# Predicting NCAA Men's Basketball Games

This notebook will use the trained spread model and 2 inputed teams to predict the spread of a single game

## Imports

In [173]:
import numpy as np
import pandas as pd
import xgboost as xgb

## Load Models

In [174]:
winner_model = xgb.Booster({'nthread':4}) #init model
winner_model.load_model('../models/winners.model') # load data

spread_model = xgb.Booster({'nthread':4}) #init model
spread_model.load_model('../models/spreads.model') # load data

totals_model = xgb.Booster({'nthread':4}) #init model
totals_model.load_model('../models/totals.model') # load data

## Load Input Data

In [175]:
game_df = pd.read_csv('compact_test.csv')
game_df = game_df.iloc[:, :5]
game_df

Unnamed: 0,WTeamID,WScore,LTeamID,LScore,OppWinPercentage
0,1345,77,1251,64,0.692308
1,1155,81,1345,70,0.9
2,1345,93,1324,50,0.230769
3,1345,68,1434,61,0.375
4,1274,58,1345,54,0.444444
5,1345,80,1232,68,0.333333
6,1345,67,1326,60,0.727273
7,1345,88,1323,78,0.333333
8,1234,70,1345,55,0.833333
9,1345,73,1268,70,0.5


In [176]:
wTeamId = 1211
lTeamId = 1339

## Format Data

In [177]:
## Create Dataframe

# Find number of wins for each team in each season
wNumWins = game_df[game_df['WTeamID'] == wTeamId].count()['WTeamID']
lNumWins = game_df[game_df['WTeamID'] == lTeamId].count()['WTeamID']
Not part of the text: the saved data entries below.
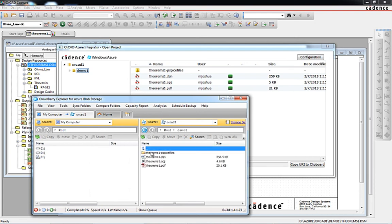Once the connection is established, the explorer window will display all the data we have stored in our ORCAD 1 container.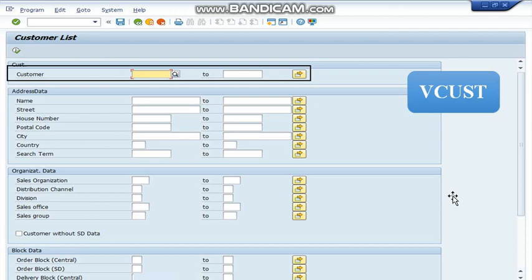Hello everyone. Today in this video you are going to learn how to find out customer list in SAP. We can find out customer list in SAP by using SAP transaction code VCUST.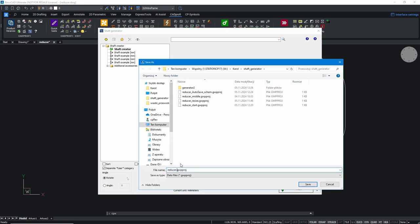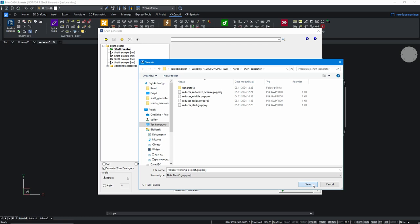The program allows you to save and load projects, which enables editing previously saved projects or faster creation of new ones based on previously saved data.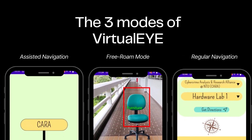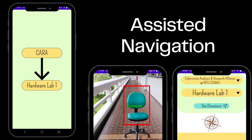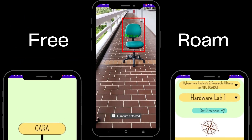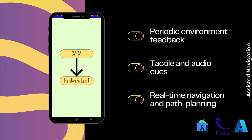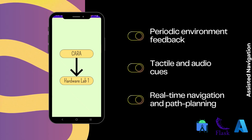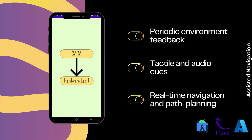There are three available modes currently offered by VirtualEye. First is Assisted Navigation, which guides the visually impaired user from their current position to their desired destination. Next, we have Free Roam mode, which warns a visually impaired user of the obstacles in their path. And lastly, we have Regular Navigation, a vision-based navigation mode consisting of an interactable map with text-based directions, visually guiding the user in indoor settings. The Assisted Navigation mode enables visionless navigation by utilizing sensor and Bluetooth beacon data to provide constant feedback to the user in the form of phone vibrations and periodic audio cues.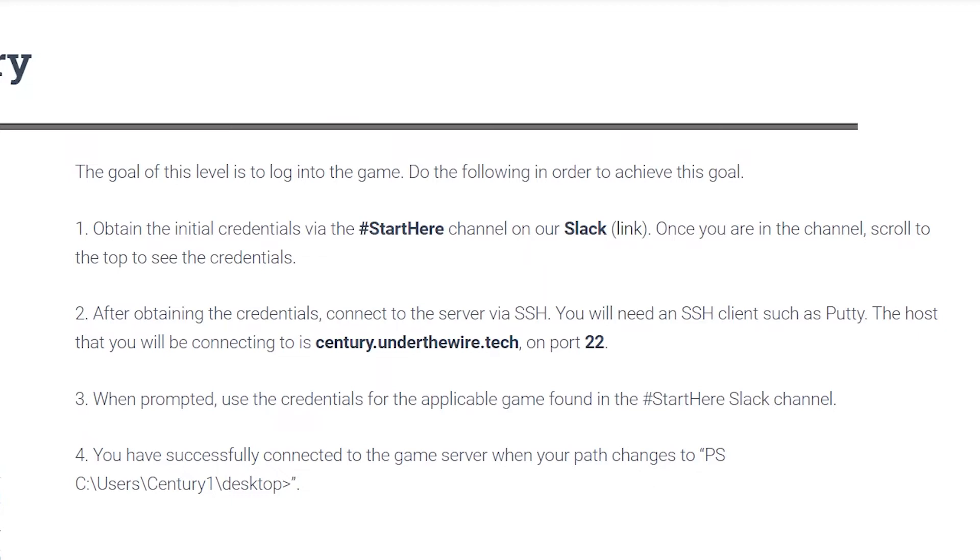So starting on level one, which is where we're at today, the goal of this level is to simply log into the game.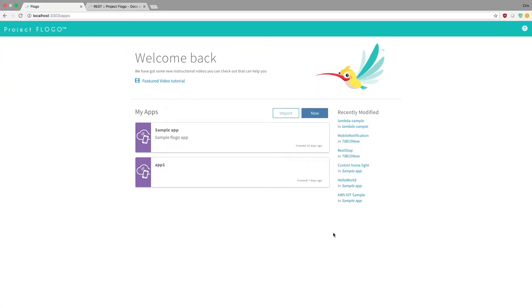Hey guys, in this video today we're going to explore the REST trigger on Flogo. So if you haven't used Flogo before, this is the web UI. I suggest using the web UI in many cases just because it's easy to use.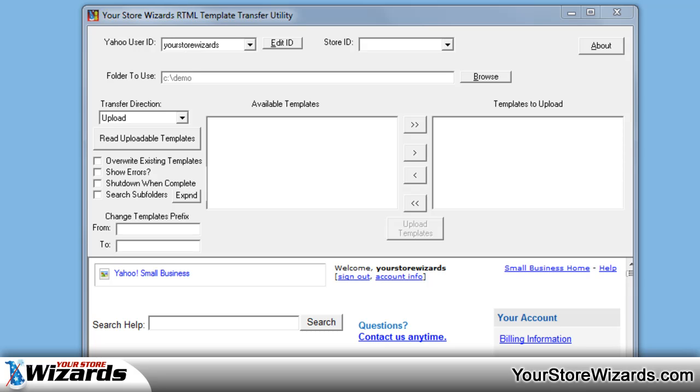Hi, this is Don, the Mad Wizard Cole, with a quick and brief introduction into the RTML Template Transfer Utility and basically how to upload templates from your computer to your store.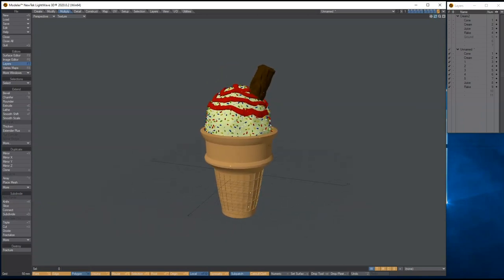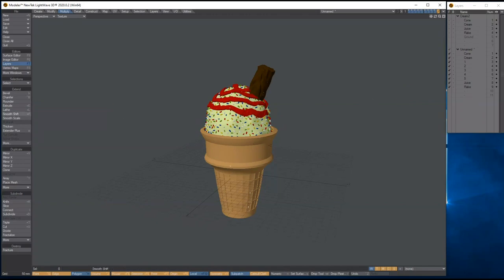That's how you model an ice cream cone. Thanks for listening, please share, look out for my other tutorials, check out my Facebook group LightWave Salvation, and look out for my next tutorial. See you then.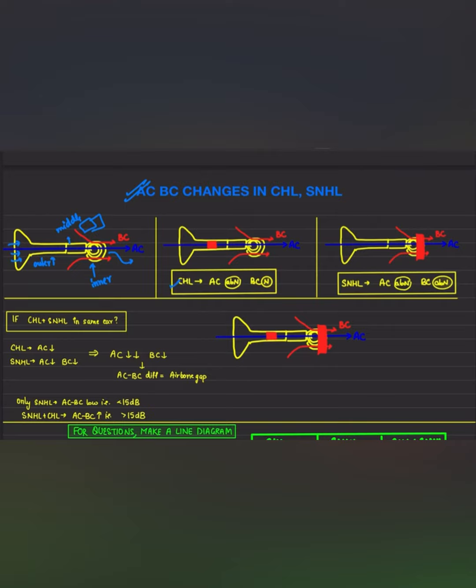Now if a conductive hearing loss occurs — let's say there is a blockage in the middle ear — in that case the air conduction will not be able to travel to the inner ear, whereas bone conduction can travel through the bone directly to the inner ear. So in case of a conductive hearing loss, the air conduction will be decreased whereas the bone conduction will be normal.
# Find number of losses for each team
wNumLosses = game_df[game_df['LTeamID'] == wTeamId].count()['LTeamID']
lNumLosses = game_df[game_df['LTeamID'] == lTeamId].count()['LTeamID']

predict_df = pd.DataFrame(data=
                          {
                              'WTeamID': wTeamId,
                              'LTeamID': lTeamId,
                              'WNumWins': wNumWins,
                              'LNumWins': lNumWins,
                              'WNumLosses': wNumLosses,
                              'LNumLosses': lNumLosses
                          }, index=[0])

# Find win percentage for each team
predict_df['WWinPercentage'] = predict_df['WNumWins'] / (predict_df['WNumWins'] + predict_df['WNumLosses'])
predict_df['LWinPercentage'] = predict_df['LNumWins'] / (predict_df['LNumWins'] + predict_df['LNumLosses'])

# Find average win score
predict_df['WAvgWinScore'] = game_df[game_df['WTeamID'] == wTeamId].mean()['WScore']
predict_df['LAvgWinScore'] = game_df[game_df['WTeamID'] == lTeamId].mean()['WScore'] 

# Find average loss score
predict_df['WAvgLossScore'] = game_df[game_df['LTeamID'] == wTeamId].mean()['LScore']
predict_df['LAvgLossScore'] = game_df[game_df['LTeamID'] == lTeamId].mean()['LScore']

# Find Average Win Margin
predict_df['WAvgWinMargin'] = game_df[game_df['WTeamID'] == wTeamId].mean()['WScore'] - game_df[game_df['WTeamID'] == wTeamId].mean()['LScore']
predict_df['LAvgWinMargin'] = game_df[game_df['WTeamID'] == lTeamId].mean()['WScore'] - game_df[game_df['WTeamID'] == lTeamId].mean()['LScore']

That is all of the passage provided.